Book your citizenship test early

One of the other key documents you’ll need is a certificate confirming you’ve passed the German citizenship test. Sometimes, you might have to wait months for a test slot, so it’s a good idea to sign up for one as soon as you can.

READ ALSO: TEST: Could you pass the German citizenship exam?

You can find a list of testing centres in your state in the “Downloads” section of the Federal Office for Migration and Refugees, here.

Most local authorities say that you will get the results of the test back within four to six weeks, but this can be much longer.


One reader in Nuremberg recently contacted The Local to tell us that she was still waiting for her results after four months.

Brush up on your language skills

To become a German citizen, you need to be able to speak German to some level. Currently, those who have lived in Germany for eight years have to have a B1 language level, and those applying for fast-track citizenship (six years) have to pass a B2 test. 

The proposed changes to the law, however, will offer even faster citizenship after just three years for those who, amongst other things, can pass a C1 exam. 

A textbook for learning German as a foreign language. Photo: picture alliance / dpa | Jens Kalaene

Under the new law, everyone except people aged 67 or older who have legally lived in Germany for at least five years, will still have to provide a certificate demonstrating the required language level for their application.

So it's a good idea to get going on preparing for the exam you will need to take as soon as possible. That doesn't just mean breaking out the grammar books, but also booking the test in advance, too, as there are often long waiting times for test appointments and it can take a couple of months for test results to come back.

READ ALSO: How hard is the C1 language test for Germany’s upcoming fast-track citizenship?

Generally, citizenship applicants must have a language certificate from Telc or the Goethe Institut and you can easily find out where you can take a test in your local area by searching your required language level, testing board, location and the word Prüfung (test) e.g. "B2 Telc Prüfung Stuttgart".


Test appointments at Volkshochschulen (people's high schools) tend to be slightly cheaper than in private language schools and therefore harder to come by: another reason why booking in advance is a good idea.

Keep up to date with changes to citizenship law

If you’re a regular reader of The Local, this one shouldn’t be a problem, as we’ve been reporting for some time now about the proposed changes to German citizenship law and will continue to do so.

READ ALSO: KEY POINTS: What’s in Germany’s draft law on dual citizenship?

It’s important to keep up with what’s changing as this could really affect how long you have to wait to apply for citizenship and also the criteria you need to satisfy to become German. 

For example, under the current law, citizenship applicants must have at least eight continuous years of residency in Germany to apply for citizenship, though people who speak good German or who can prove "exceptional" integration can apply after six.


In the future, the 'standard' period of required residence will be cut to five years, while the fast-track timeframe will be cut from six to three years for those who fulfil the stricter criteria - such as having C1 language skills.

Get some advice

If you are having trouble with the application process, or if you have any questions about the process, it may be helpful to consult with a lawyer who specializes in citizenship law. Though engaging a lawyer can be costly, having a legal expert on your side will not only make sure you don't overlook anything but can also help expedite the whole process. 

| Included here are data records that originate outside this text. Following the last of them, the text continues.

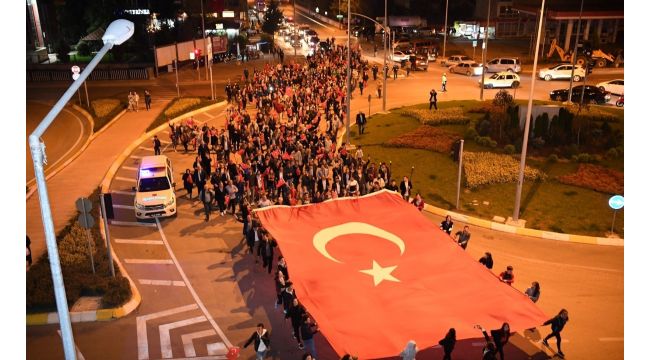 Kartepe'de Cumhuriyet Bayramı'na özel fener alayı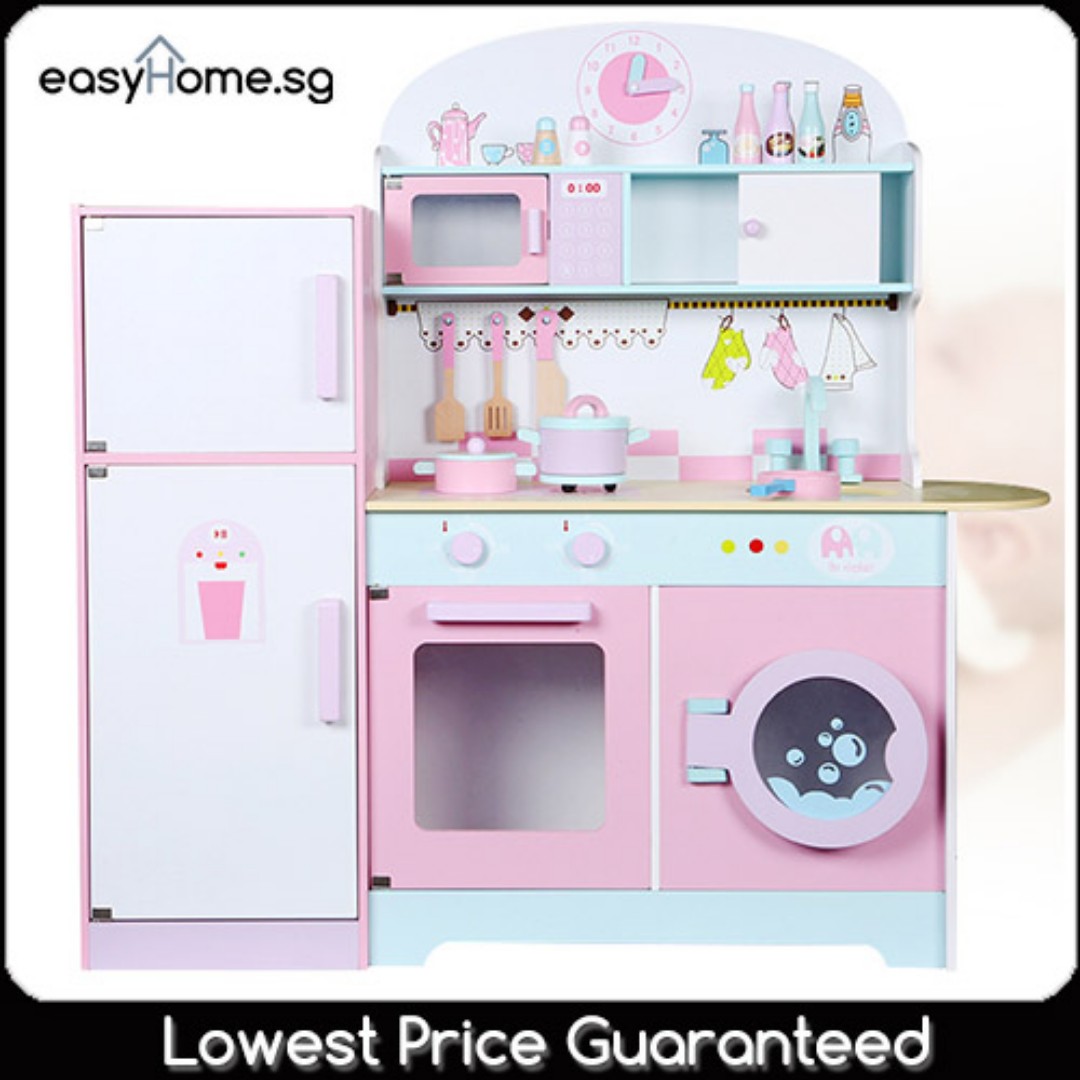 toy kitchen refrigerator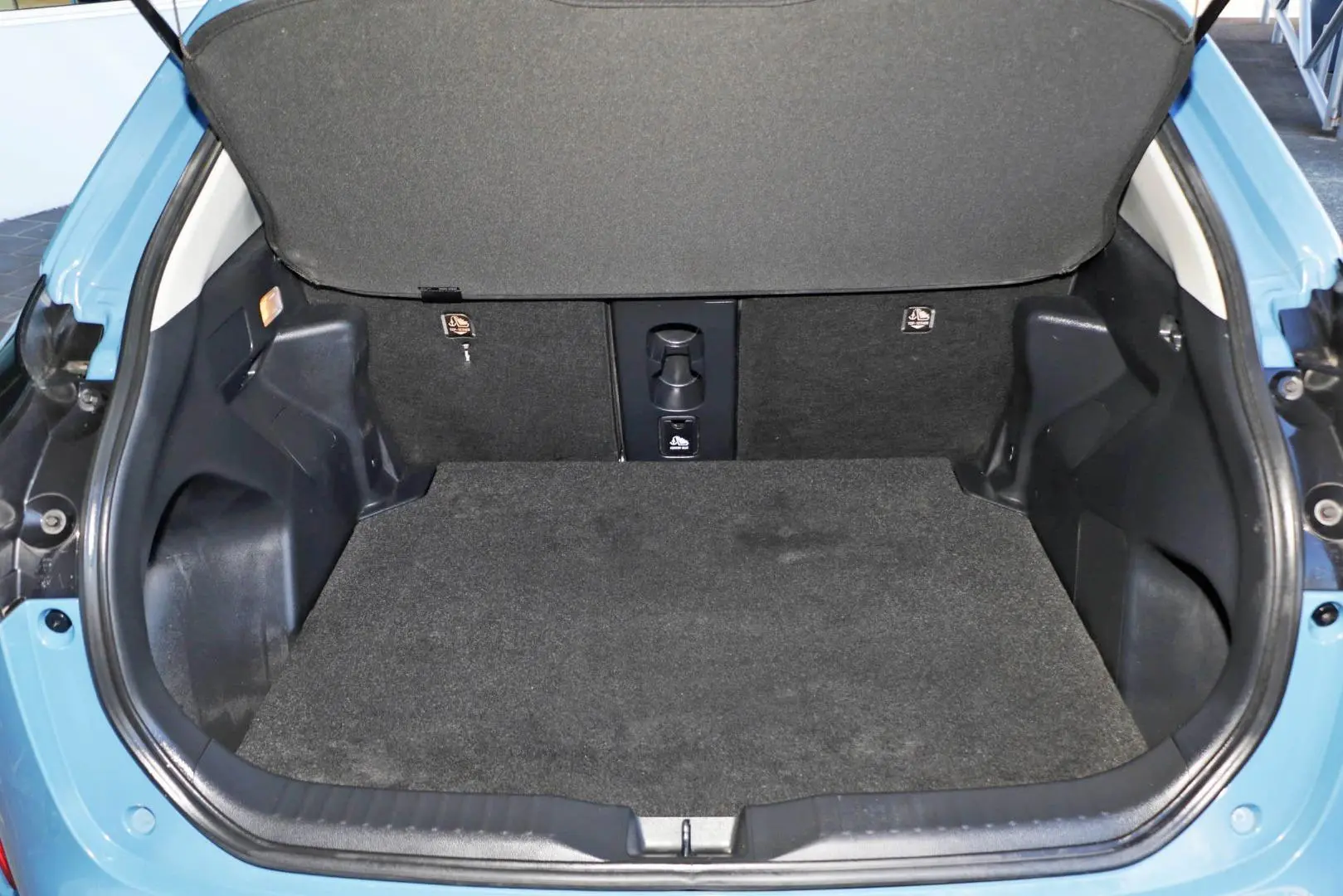 2021 Toyota Yaris Cross Gallery Image 24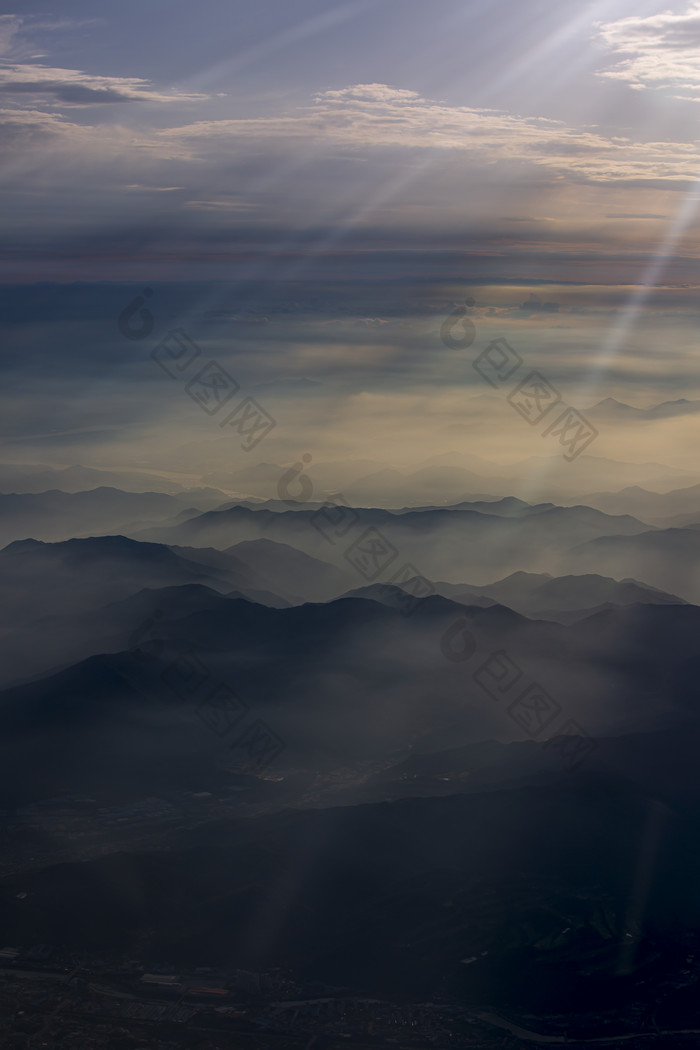 航拍云端之下河山摄影图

READ ALSO: How foreigners can get fast-track citizenship in Germany

If you can't afford a lawyer, there are other services available for foreign nationals trying to become German citizens. Diakonie Deutschland, for example, offers free consultations for those in need of help with the application process.

Keep in touch with the authorities

With more and more people applying for German citizenship, many naturalisation offices are very busy, and your application may end up slipping down the pile. Don't be afraid to chase up your caseworker if you haven't heard anything for a while.